Thank you dear readers for your continued patronage. My next novel out BLUE CORN WOMAN is in company with the saguaro, the star of the desert and a long-standing symbol of Arizona. The desert Indians see it as another type of human being, and when a saguaro arm is chopped off, they view it as amputation. Urban cowboys from Phoenix and Tucson use them for target practice. It is ashamed when some punk riddles them with bullet holes when it is rooted to the ground and can't do anything about it, and then there is saguaro rustling where the cactus poachers, if caught are thrown in jail if they don't have a legal certificate to possess it. A legally-taken saguaro sold by landscapers has to be registered and licensed. Saguaro rustling is lucrative, and each black-market cactus fetches around $800, but delivery is tricky, and the cactus has to be handled like a corpse.
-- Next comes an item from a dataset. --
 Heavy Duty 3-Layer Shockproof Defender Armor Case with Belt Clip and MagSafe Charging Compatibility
When Blue Corn Woman sets her jars of cholla cactus buds on the bean counter, it is a signal, and the word reaches the Reservation to bring trade goods. They come on horses, burros, converted buses, and in rusty cars with shot-out windows across the Sonoran Desert like the Hindu shepherds and their families with their yak caravans bartering red beans for iodized salt.
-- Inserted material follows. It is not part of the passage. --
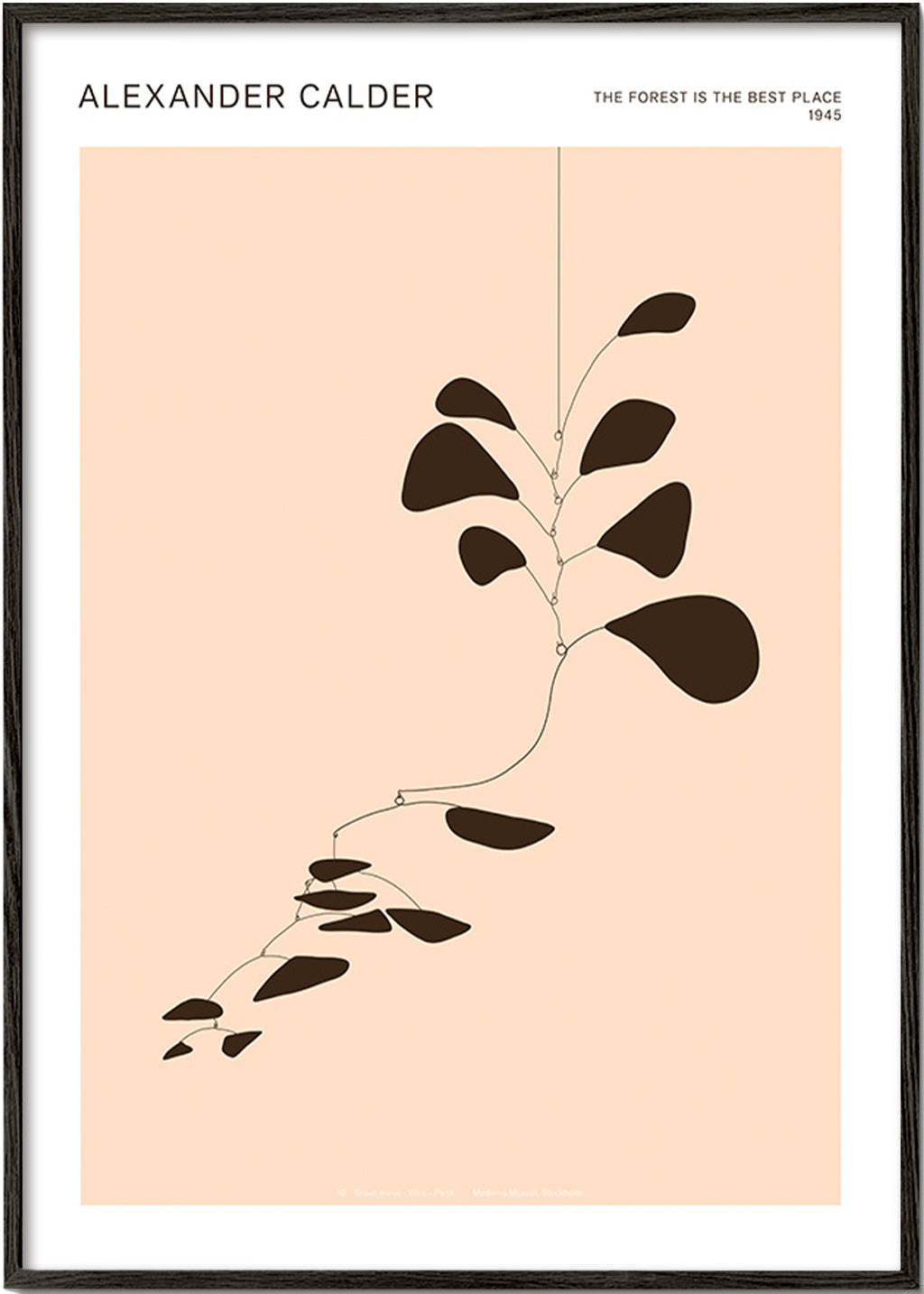 Botanical print Calder mobile of black leaves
Jewelery, coins, furs, beads, prayer shawls, pinion nuts, Kachinas, clay pottery, quilts, baskets, rugs, pistachios, pinatas, moccasins, seed corn, bone whistles, horseshoes, braided sweetgrass, duckbill flutes, dyed sheep wool, dream catchers, rawhide drums, spices, javelina hoofs, rattlesnake buttons, herbs, horse hair, yucca-root paint brushes, corn brooms, elk teeth, dried gourds, corncob darts, tapestry ponchos, even crushed-rock powders in every color imaginable for sand paintings are the much-prized trade goods traveling across the Sonoran Desert in caravans to the Blue Corn Trading Post.
Blue Corn Woman accepts only quality goods, no junk, and absolutely no subsidized canned food given to the Native Americans by government agencies.
The focus is buy, sell, and trade, and movement that makes the event an intelligible salute and framework for yesteryear's Native American life.